Ano novo em tempos deveras esquisitos

 
Mais um ano, 2017. Para mim, pessoalmente um ano bom, de realizações no Centro Brasil no Clima e no Fórum Brasileiro de Mudanças Climáticas. Um ano em que também fiquei contente de não estar mais na política eleitoral/parlamentar/partidária. Se estivesse não teria como escapar de um intenso sentimento de frustração com pontadas de nojo e exasperação. Não consigo ver por onde poderia estaria verdadeiramente contribuído, me sinto totalmente desajustado em relação todas tendências dominantes do momento. Gostaria de estar ajudando a construir soluções para o Rio e para o Brasil mas, atualmente,  não há espaço para tanto. Não há caminhos para o construir plural, baseado em entendimento, nas boas ideias, nas parcerias, nos diálogos entre diferentes. Alianças amplas em torno de objetivos comuns, fora do imediatismo, do exibicionismo e da demagogia. 

 Acredito que uma oportunidade assim ressurgirá em algum momento, no futuro. Atualmente não vislumbro. A hora não é essa. Não é o vento que sopra no Brasil (nem no mundo). É preciso cultivar a a paciência e encarar tudo isso como uma tempestade cheia de som e fúria, significando um nada que vai acabar por passar. Vejam, mantenho meu proverbial otimismo!

  Por agora, sopra um nauseabundo vento neo anos 30. Polarizações patéticas como eram as  fascismo versus stalinismo só que bem mais pulverizadas: os aprendizes de feiticeiros do Vale do Silício com suas redes sociais --e algoritmos, supostamente libertadores—potencializaram o “identitarismo” tribalista e sectário.
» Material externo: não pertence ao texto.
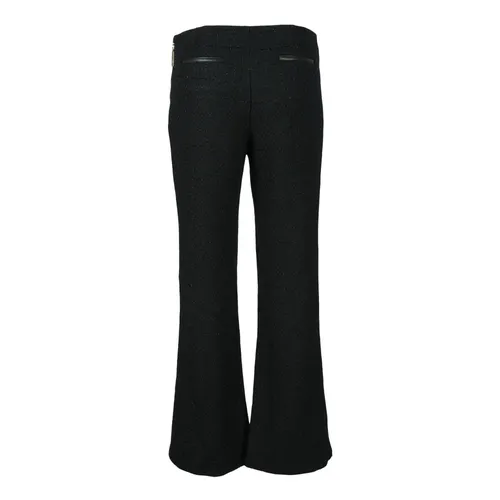 Trousers > Wide Trousers - - Simona Corsellini - Modalova
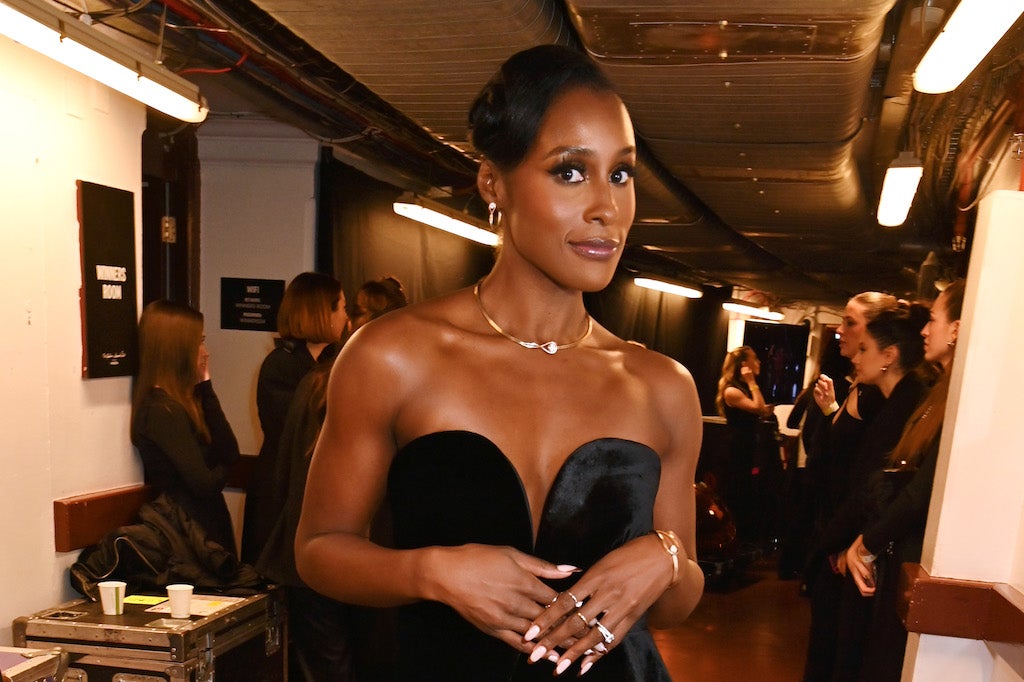 Issa Rae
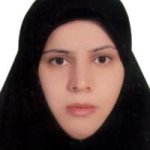 تصویر دکتر طیبه حسینی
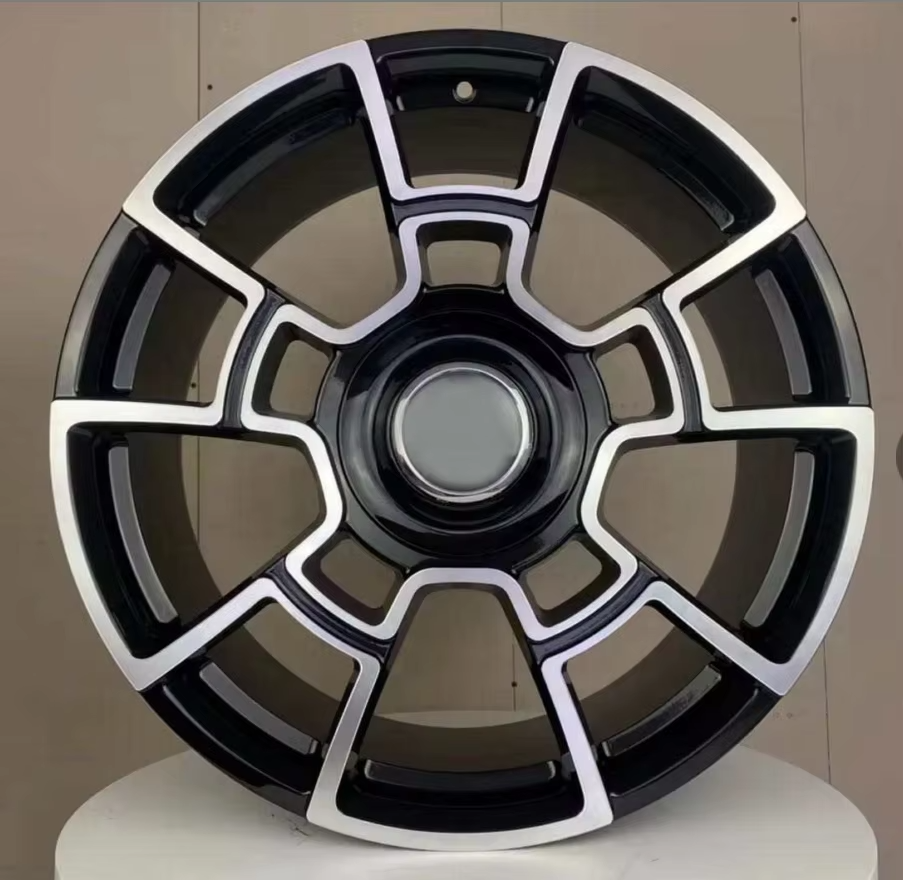 Argent noir
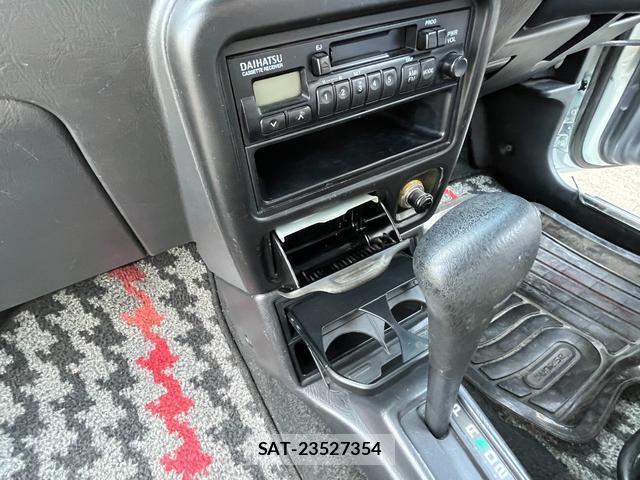 Daihatsu MIRA 2001-07 8006320-12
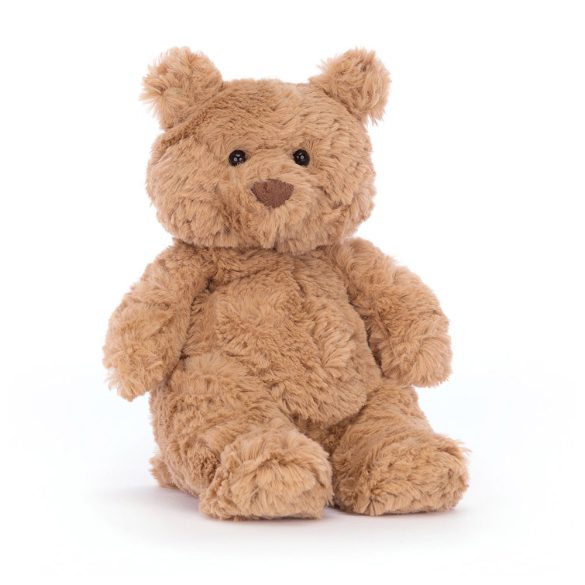 Jellycat plüss - Tiny Bartholomew maci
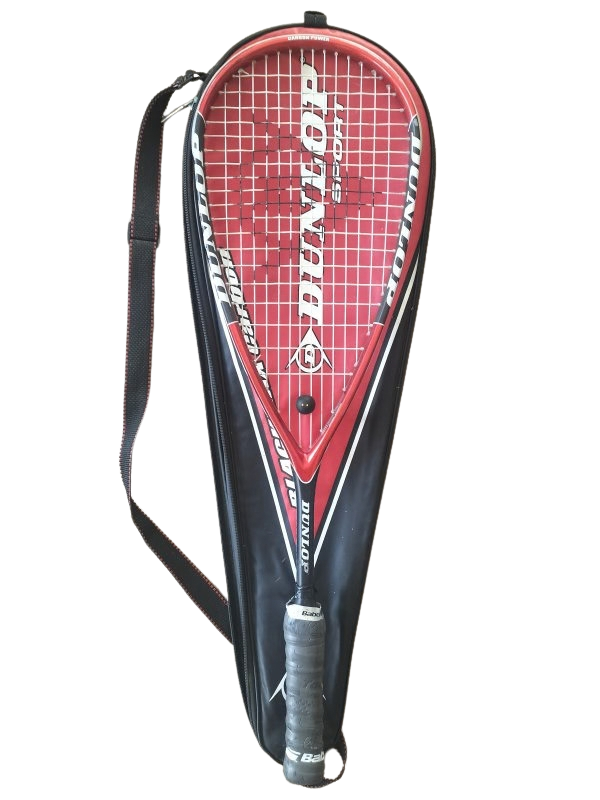 Dunlop Blackmax Squash Racket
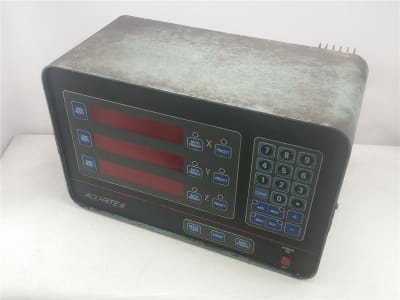 ACU-RITE ACURITE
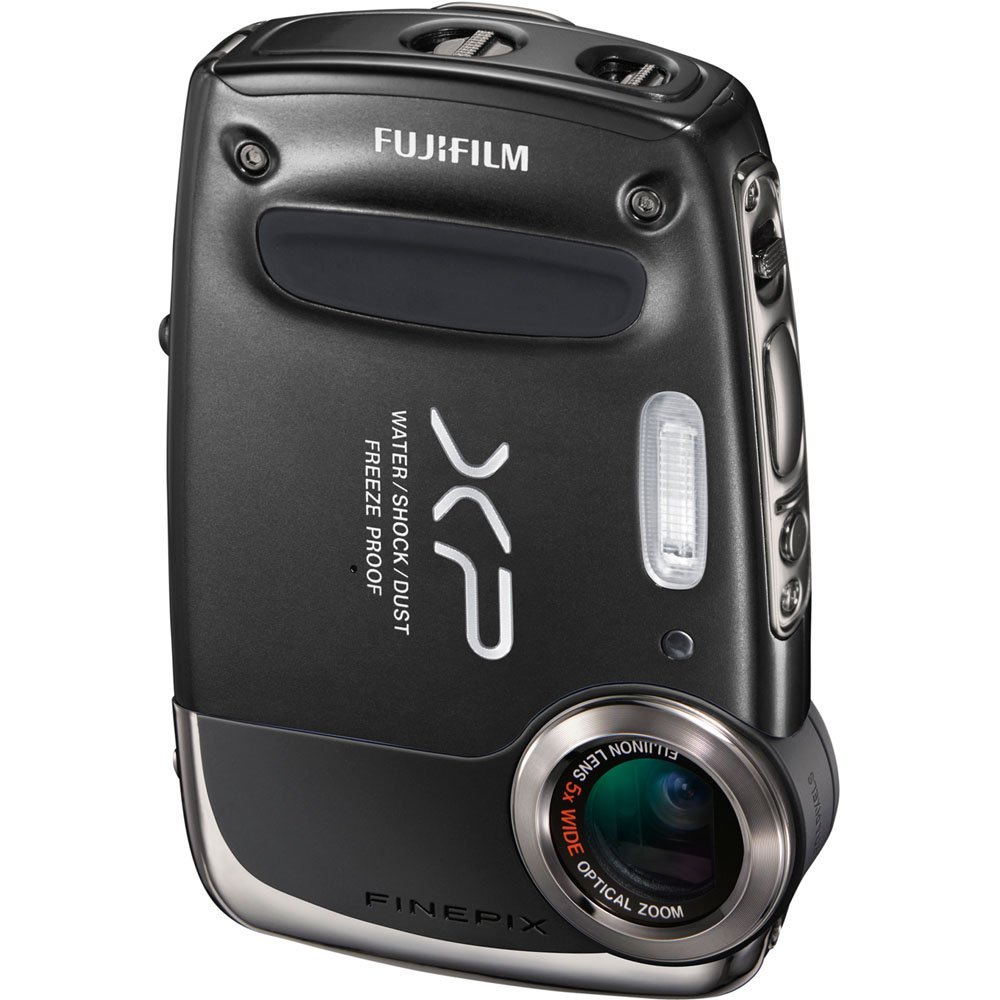 Fujifilm FinePix XP50 Digital Camera (Green) N6 free image download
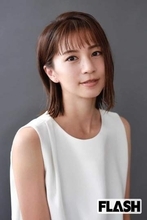 安田美沙子が“皇室御用達”バッグで「入学式コーデ」披露…昨年は驚異の体力で“サブ4”達成
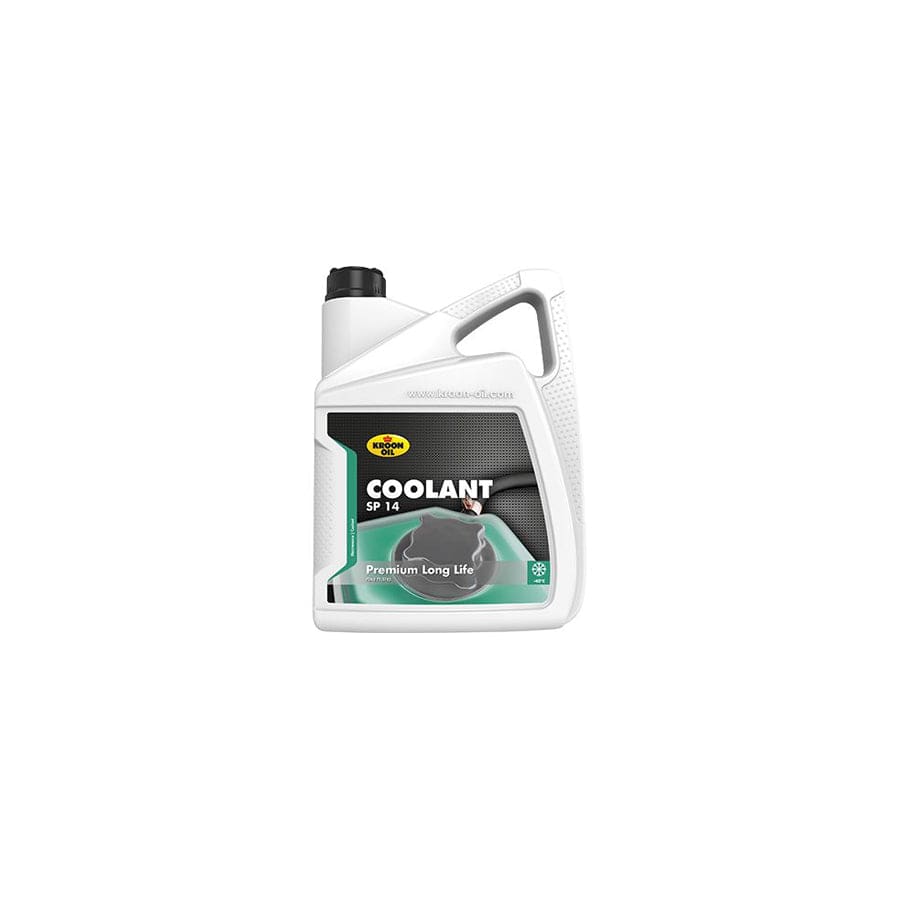 Kroon Oil Coolant SP 14 31219 Antifreeze
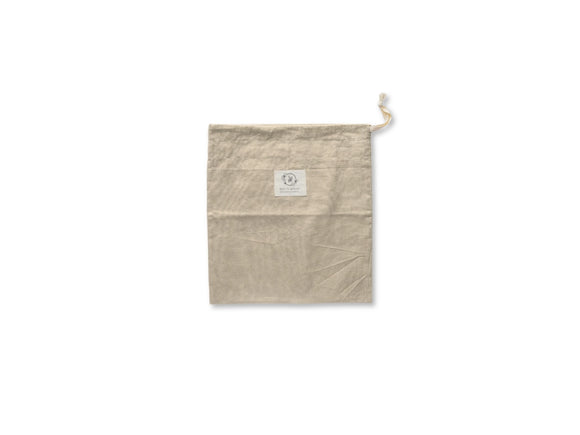 Bee's Wrap Reusable Beeswax Lined Artisan Bread Bag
Empoderaram uma legião de energúmenos.

 O discurso “politicamente correto” e seu oposto simétrico espalham pela sociedade uma postura de total intolerância onde a meta não é mais buscar pontos de convergência para transformar a realidade mas “colocar-se”, “afirmar sua identidade” da forma mais agressiva e excludente possível. Subdividir-se cada vez mais em tribos, sub-tribos, sub-sub-tribos cujos objetivo, objetivamente falando –perdoem o pleonasmo—não é uma transformação mas um auto-afirmar raivoso e excludente: essa é minha identidade,  foda-se o resto. Isso se dá na esfera política onde estratégias desse tipo, supostamente “de esquerda” formaram um caldo de cultura para a ressurreição de uma extrema direita regressiva e não menos tribalista e sectária e que não tínhamos no Brasil há mais de 40 anos.

 Aliás,  esse tipo de tribalização  campo ideal para a proliferação da extrema direita em cuja natureza está a afirmação de superioridade  racial, étnica, ideológica, nacionalista, localista. A esquerda deveria ser, supostamente, multirracial, geleia geral, tolerante, internacionalista, plural. Pois não mais  e cada vez menos.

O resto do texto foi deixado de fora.